Deus Ex Machina. This bit is about... something.

To me the very idea of making a game based on Kramer vs. Kramer gets a chuckle. Making a game that boils Ted Kramer's struggle to learn how to be a father down to a floating Dustin Hoffman head shooting breakfast foods at Billy is hilarious and delivering it with a straight face even funnier. I appreciate that I may be alone in this but I don't think I've ever laughed as much while coding.

One point I'd like to clarify for posterity is that, yes, I'm poking fun at the likes of Deus Ex Machina and also modern works like Passage and The Marriage. It is with some affection though. The joke is meant to deflate some of the high art claims and pompous conversations but only a little.
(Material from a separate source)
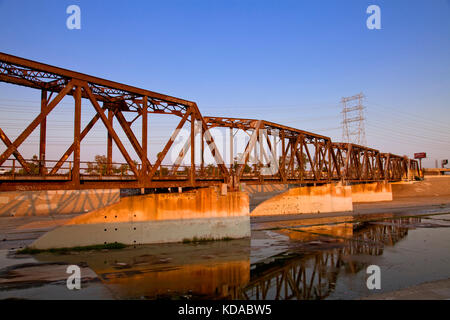 Train trestle bridge over Los Angeles River, South Gate, Los Angeles County, California, USA Stock Photo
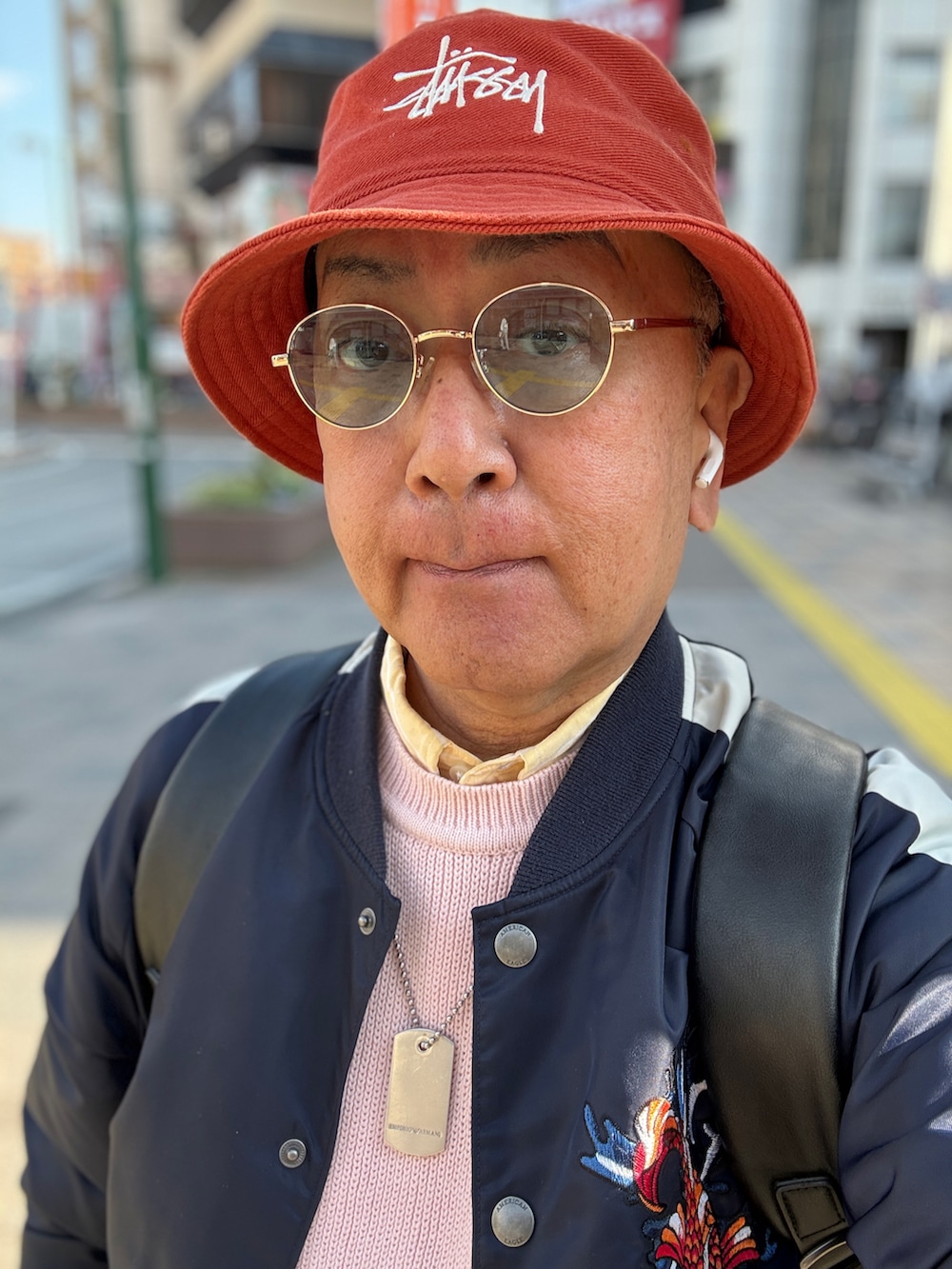 イエロー系のシャツ/ブラウス、ピンク系のニット/セーター、ブルー系のスカジャンを着用したメンズの春コーディネートの3枚目の写真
By pointing out that, from certain angles, it's a bit silly to think a distance check on some pixels really says something about human closeness I'm not intending to say that such games aren't valuable, interesting or worthwhile. I like Passage and I have a great soft spot for Deus Ex Machina -- I'm glad these things exist. If they're truly worthwhile artistic statements then they'll stand a few jokes at their expense.